3) Le CCRP a été un cadre de dialogue démocratique où rien n’a été tabou. Après leur installation et en vue de s’accorder sur une méthode de travail, les conseillers ont adopté par consensus un règlement intérieur aux termes de l’article 2 duquel « il y a consensus sur un point lorsqu’à l’issue d’un débat il se dégage une acceptation commune de ce point sans opposition expresse ». Les travaux du CCRP ont été basés sur la synthèse des propositions de réformes faites par les différentes catégories sociales du pays. Cela signifie que ces travaux ont engendré une grande implication citoyenne par la voie de la démocratie participative. A cet égard, il y a lieu de dire que cette grande implication populaire s’inscrit dans la logique de l’appel historique lancé par le chef de l’Etat le 11 décembre 2009 aux citoyens en vue du renforcement de la démocratie au Burkina. En outre, en raison de la crise de la démocratie représentative en Afrique et donc au Faso, se traduisant par le fait que les gouvernants ne prennent pas suffisamment en compte les préoccupations des gouvernés, ceux–ci cherchent de plus en plus à se faire entendre par les autorités à travers la voie de la démocratie participative. Il faut préciser que la démocratie représentative fait des élus les détenteurs légitimes de l’expression de la volonté populaire, alors que la démocratie participative vise principalement à accroître l’implication du plus grand nombre de citoyens dans le débat public et dans la prise de décision qui s’en suit. Les travaux des conseillers ont été articulés en quatre axes comme suit :

• L’extension du dialogue démocratique par la création de nouveaux cadres d’expression ;

• La redéfinition de l’équilibre des pouvoirs exécutif, législatif et judiciaire ;

• L’amélioration de la gouvernance électorale ;

• Le renforcement de la gouvernance globale. Avant les débats sur les propositions de réforme relatives à chacun des axes, les conseillers ont été sensibilisés par d’intéressantes communications données par d’émérites conférenciers burkinabè. Durant trois semaines, du 23 juin au 14 juillet 2011, des propositions de réforme faites par les différentes catégories d’acteurs de la vie nationale ont été soumises à l’examen des conseillers. Nombre de ces propositions de réforme sont relatives à des problèmes préoccupants de nature à vider la démocratie de son contenu réel au Faso. Il s’agit notamment de :
- la définition d’un statut clair de la chefferie traditionnelle ;
- le maintien de l’article 37 en l’état ;
- la relecture de l’article 37 ;
- la restructuration en profondeur de la justice pour garantir son indépendance et son efficacité en vue de la crédibiliser ;
- le renforcement de l’indépendance et de la crédibilité du système judiciaire ;
- l’interdiction des cellules ou des réunions partisanes dans les services publics ;
- l’interdiction de l’utilisation des gadgets, des dons en nature et en espèces ;
- la dépolitisation et la professionnalisation de l’administration publique principalement l’administration générale du territoire.

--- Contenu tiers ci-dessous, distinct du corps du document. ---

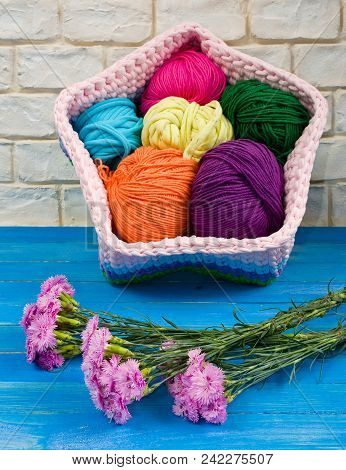 Knitted Handmade Basket And Blue Carnations On The Shabby Boards.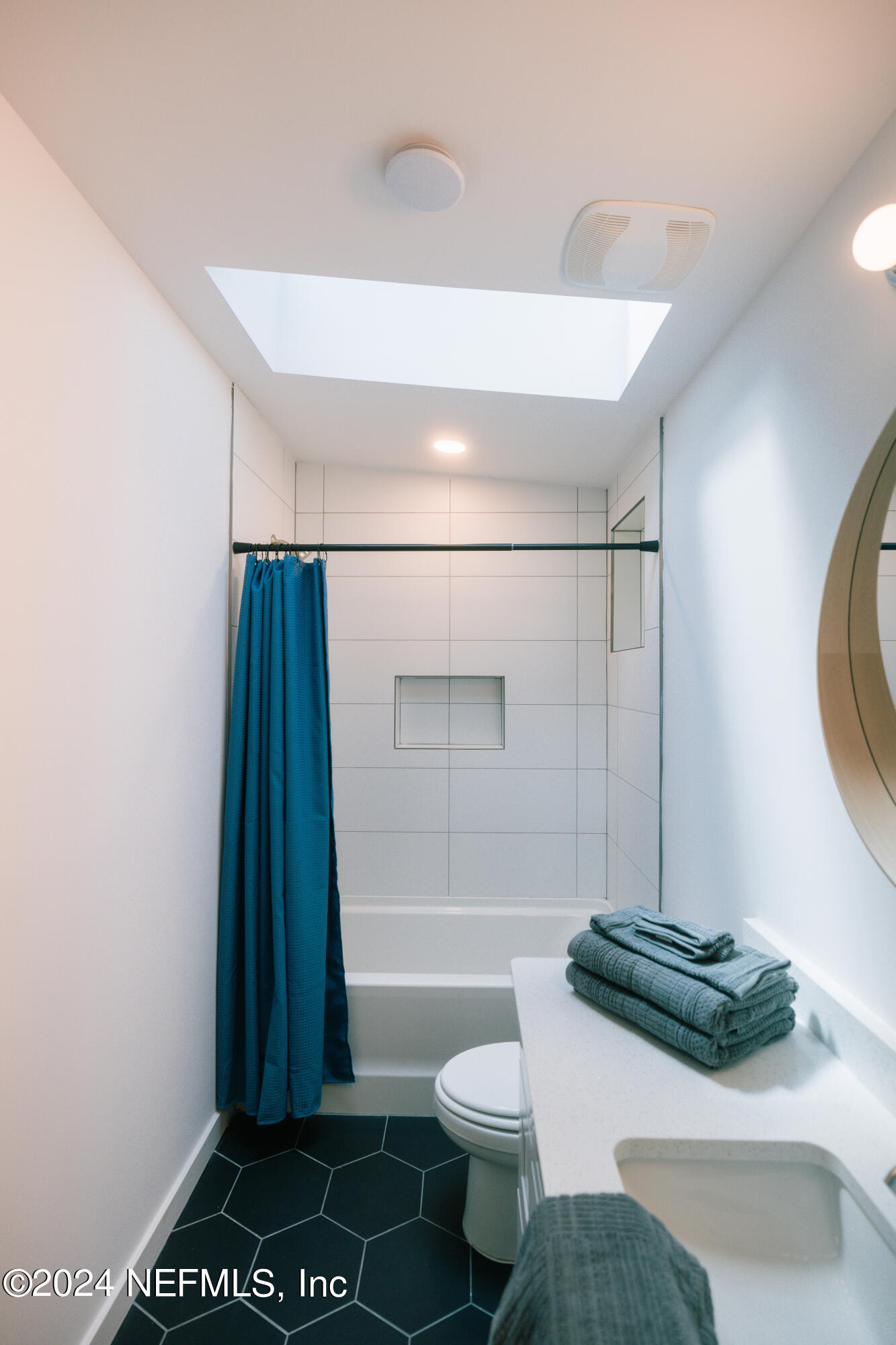 793 Chapin Street St. Augustine, FL 32084 - Photo 15 of 32 a bathroom with a sink a toilet and shower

Les travaux du CCRP sont fondés sur des propositions de réformes citoyennes qui visent , conformément à la volonté du chef de l’Etat le renforcement de la démocratie au Faso.

Les travaux ont permis de dégager des propositions de réformes consensuelles et celles non consensuelles. Mais comme les propositions ayant fait l’objet de consensus sont de loin les plus nombreuses, on en déduit que le CCRP a nettement marqué sa volonté pour l’enracinement d’une démocratie véritable dans la société burkinabè. C’est une importante contribution à la construction nationale. Le CCRP est donc loin d’être superflu. Outre la sensibilisation des conseillers et les résultats de leurs travaux, il y a lieu de saluer l’esprit de dialogue et le climat détendu qui ont prévalu pendant les débats. A cet égard, le président du CCRP a su faire montre de tact pour mener les débats sans incident. En tout cas, aucun code de bonne conduite n’avait été adopté.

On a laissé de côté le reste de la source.